#### PROBLEM DESCRIPTION
Write out the records once more, exactly, and keep any image out.

#### Collected data
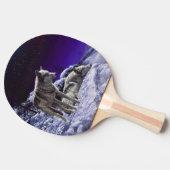 Grauwölfe im Winterschnee in der Nacht Tischtennis Schläger (Seitenansicht)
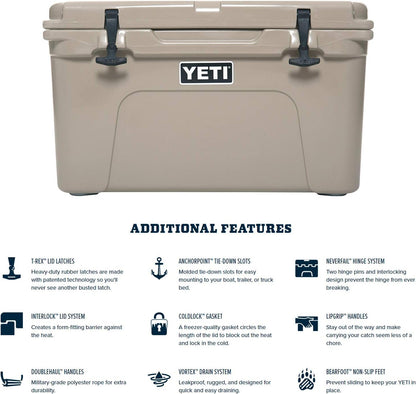 YETI Tundra 45 Cooler, White/Blue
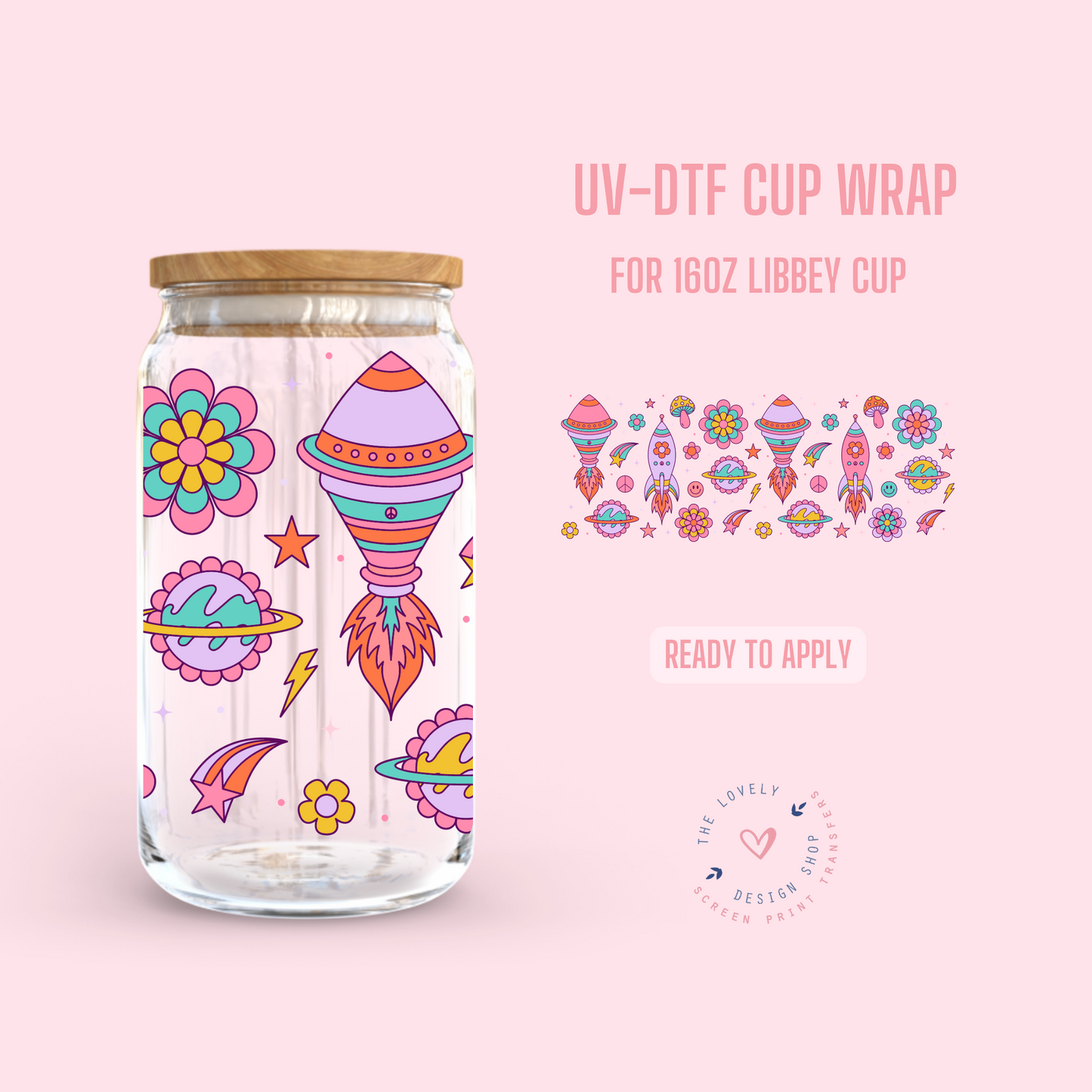 Give Me Space - UV DTF 16 oz Libbey Cup Wrap (Ready to Ship) Apr 1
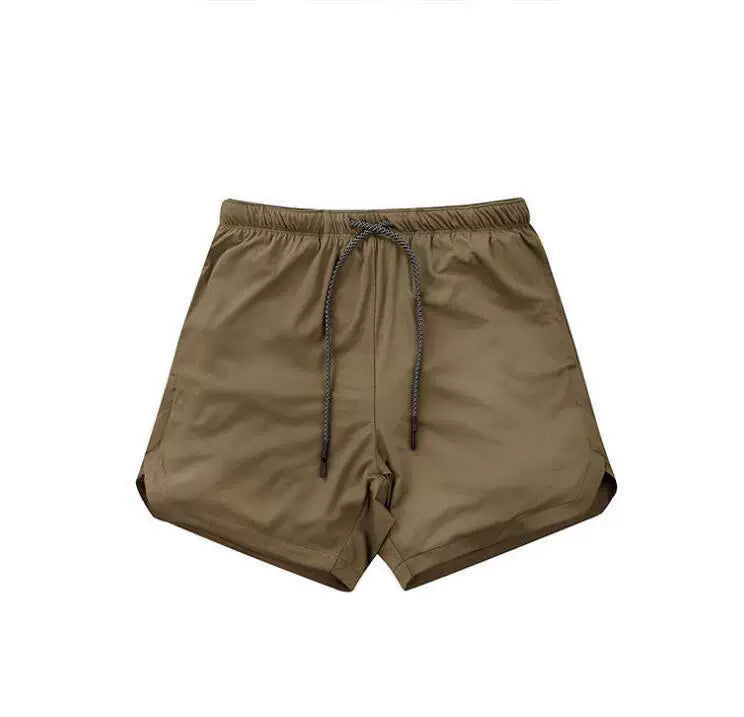Solid color new sports pants men's mid length pants five quarter length pants fitness pants quick drying breathable elastic muscle shorts trendy plus size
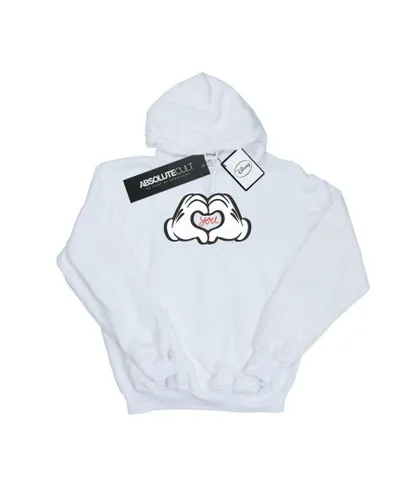 Disney Girls Mickey Mouse Loves You Hoodie (White)
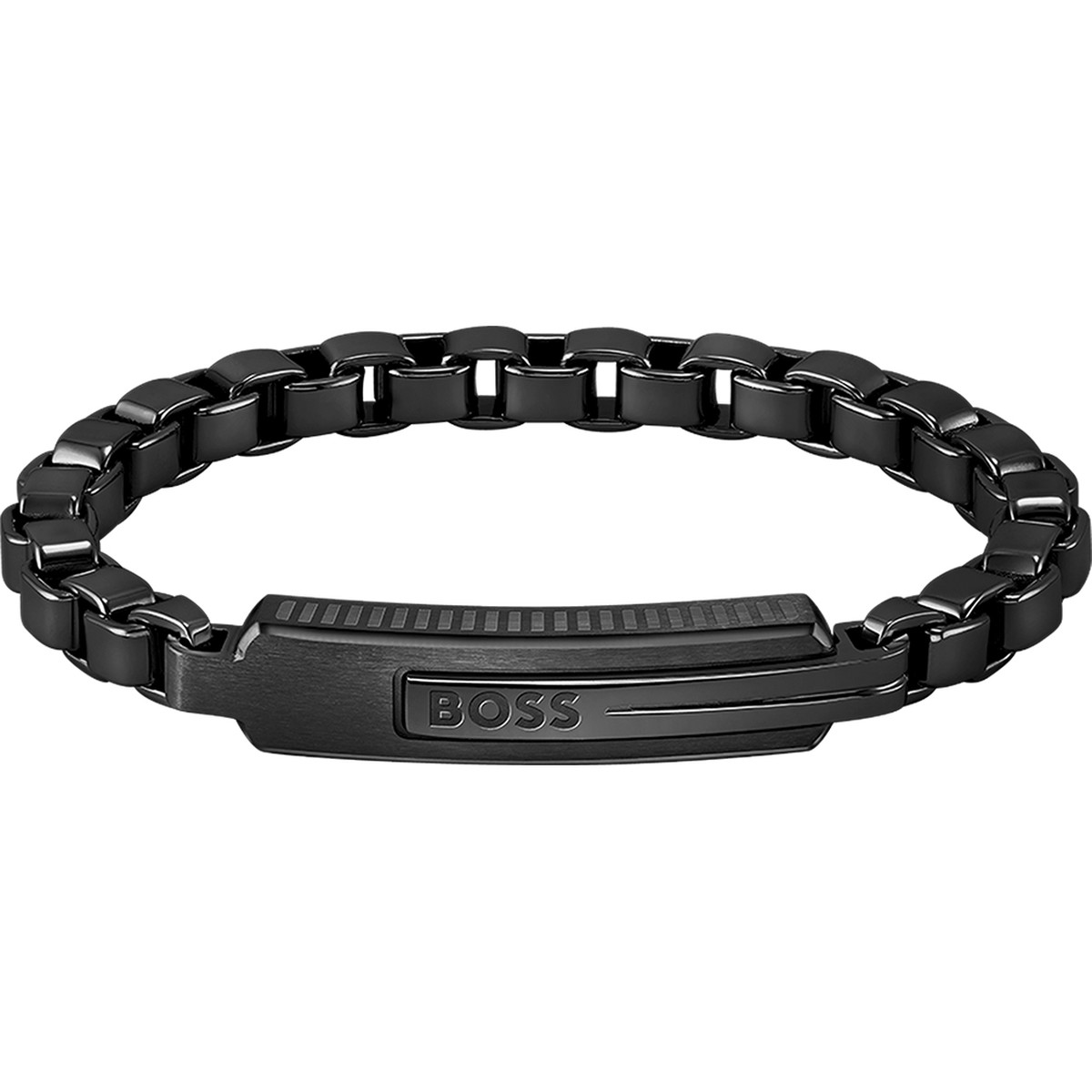 Bracelet homme Boss acier noir 17,5 cm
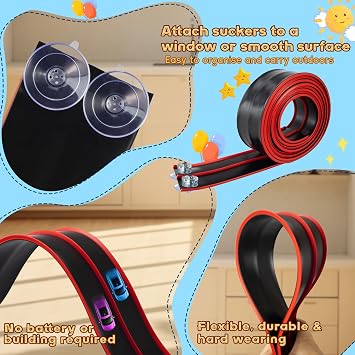 Flex Track 4.5m Starter Set, Flexible Race Car Ramp Track for Ages 3 & Up with Suction Cups Compatible with Diecast 1/64th Cars (Black & Red)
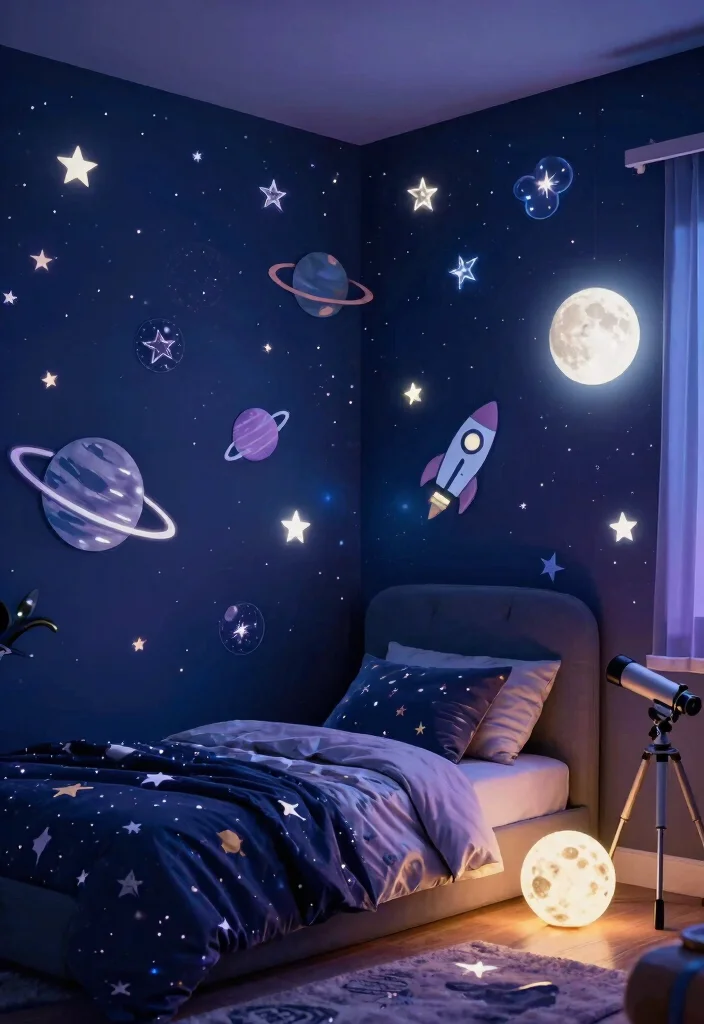 14 Wall Decor Stickers That Peel Off Clean for Renters - 2. Galactic Adventures 1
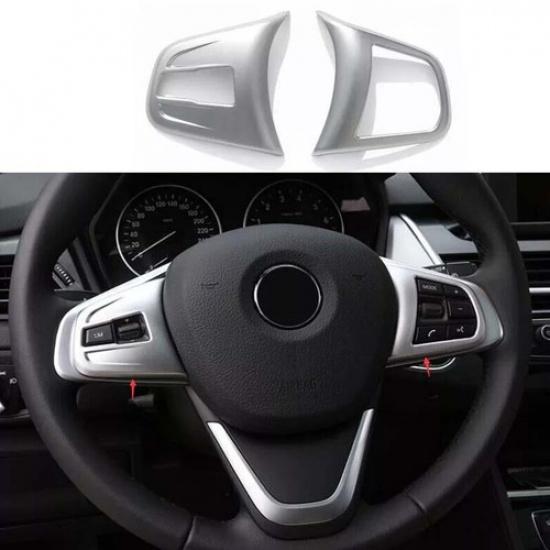 2015-19 Frame Cover For BMW 2 Series Touring Steering Wheel Button Matte Silver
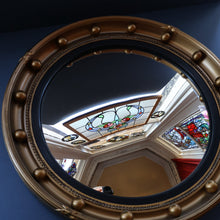 Load image into Gallery viewer, VINTAGE Regency Style Round Convex Wall Mirror - with Gold Wooden Frame Embellished with Balls
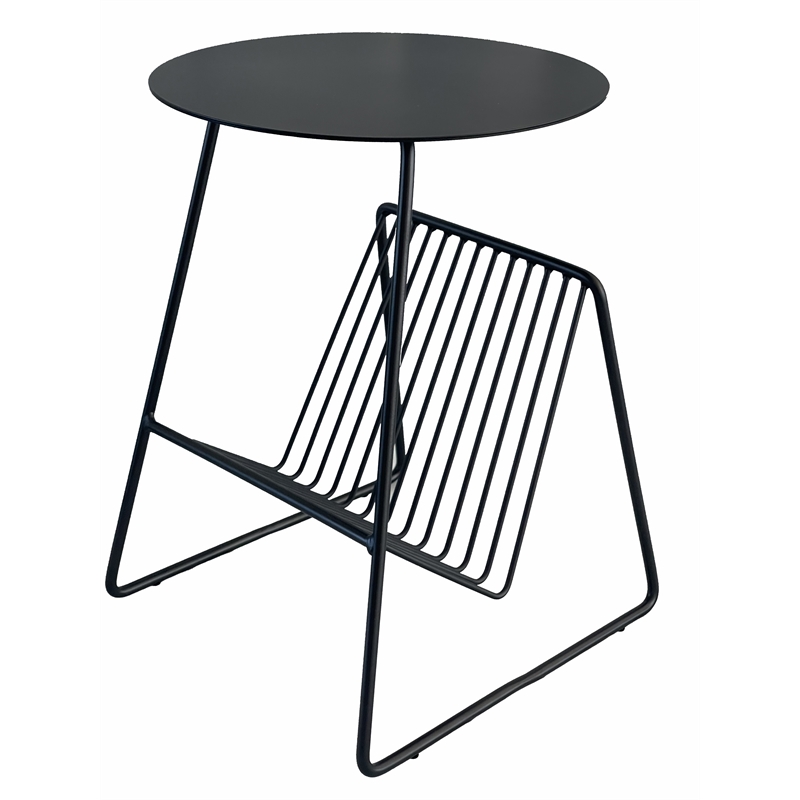 Pemberly Row Contemporary Gazette Magazine Table Black Metal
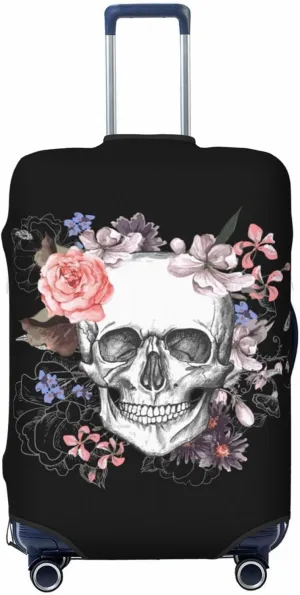 Travel Luggage Cover Suitcase Elastic Washable Vintage Rose Floral Skull Suitcase Protector Bag,Spandex Double-Sided Baggage Covers,X-Large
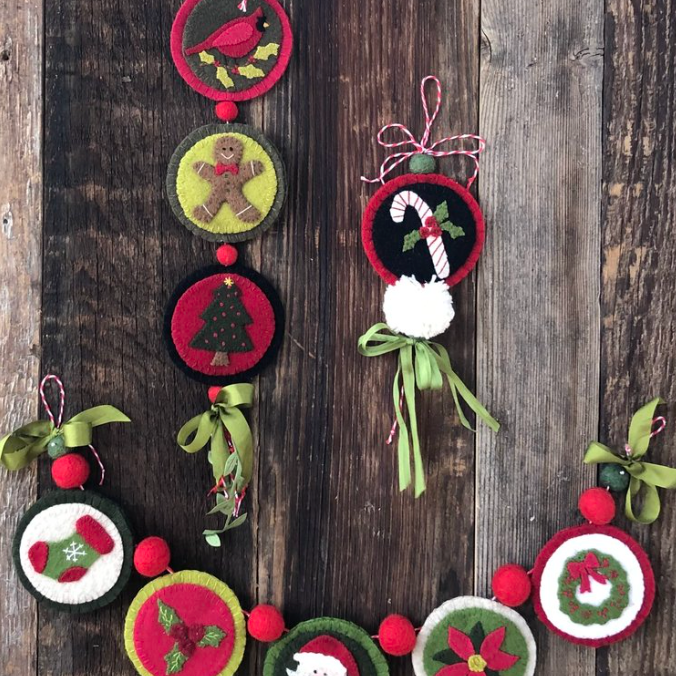 Under the Garden Moon | Wool Christmas Ornaments
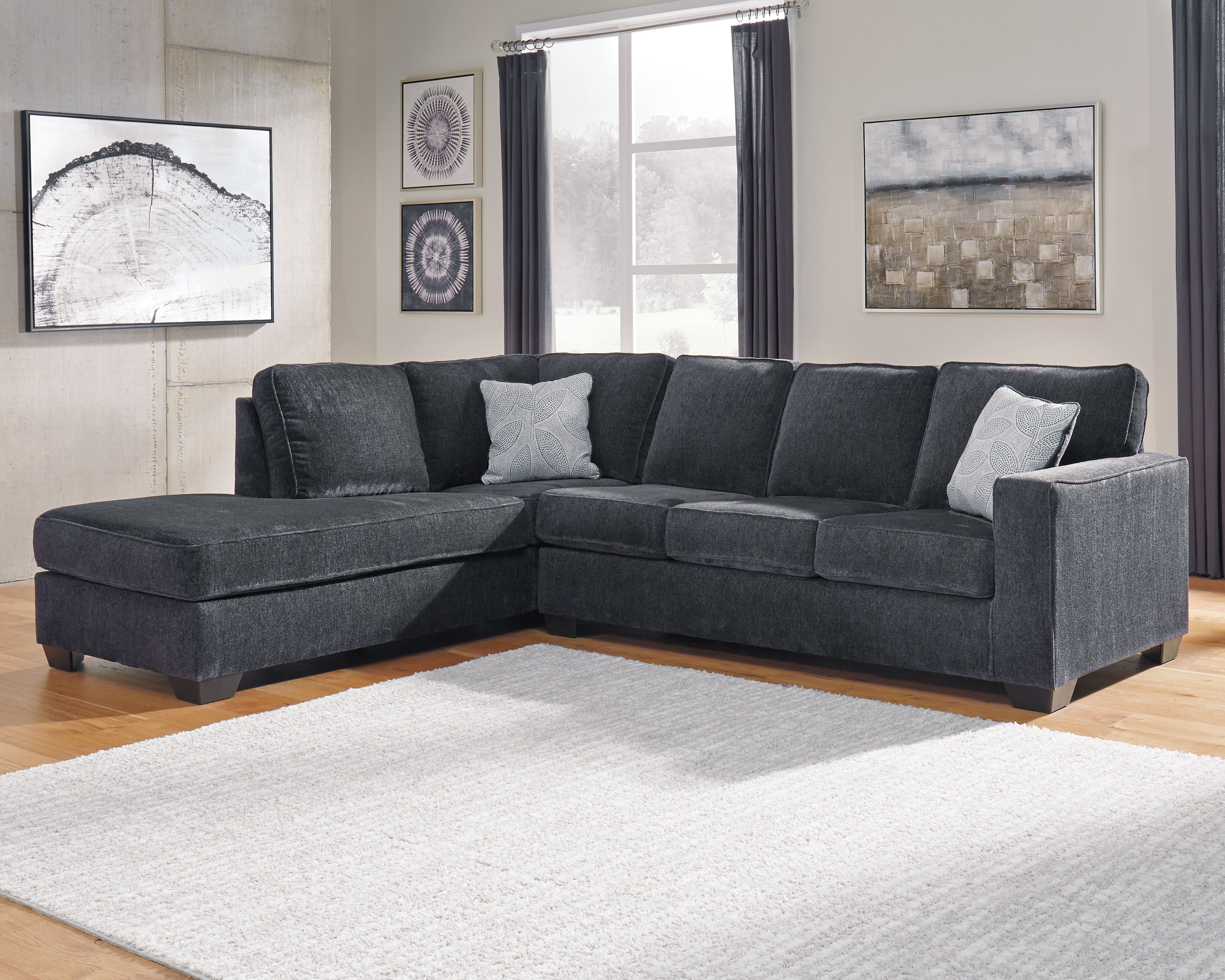 A2Z Furniture - Ashley Furniture - Altari Sectional - RAF 2-Piece Sectional with Chaise / Slate - 87213S1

#### SOLUTION
 Grauwölfe im Winterschnee in der Nacht Tischtennis Schläger (Seitenansicht)
 YETI Tundra 45 Cooler, White/Blue
 Give Me Space - UV DTF 16 oz Libbey Cup Wrap (Ready to Ship) Apr 1
Solid color new sports pants men's mid length pants five quarter length pants fitness pants quick drying breathable elastic muscle shorts trendy plus size
 Disney Girls Mickey Mouse Loves You Hoodie (White)
 Bracelet homme Boss acier noir 17,5 cm
 Flex Track 4.5m Starter Set, Flexible Race Car Ramp Track for Ages 3 & Up with Suction Cups Compatible with Diecast 1/64th Cars (Black & Red)
 14 Wall Decor Stickers That Peel Off Clean for Renters - 2. Galactic Adventures 1
 2015-19 Frame Cover For BMW 2 Series Touring Steering Wheel Button Matte Silver
 Load image into Gallery viewer, VINTAGE Regency Style Round Convex Wall Mirror - with Gold Wooden Frame Embellished with Balls
 Pemberly Row Contemporary Gazette Magazine Table Black Metal
 Travel Luggage Cover Suitcase Elastic Washable Vintage Rose Floral Skull Suitcase Protector Bag,Spandex Double-Sided Baggage Covers,X-Large
 Under the Garden Moon | Wool Christmas Ornaments
 A2Z Furniture - Ashley Furniture - Altari Sectional - RAF 2-Piece Sectional with Chaise / Slate - 87213S1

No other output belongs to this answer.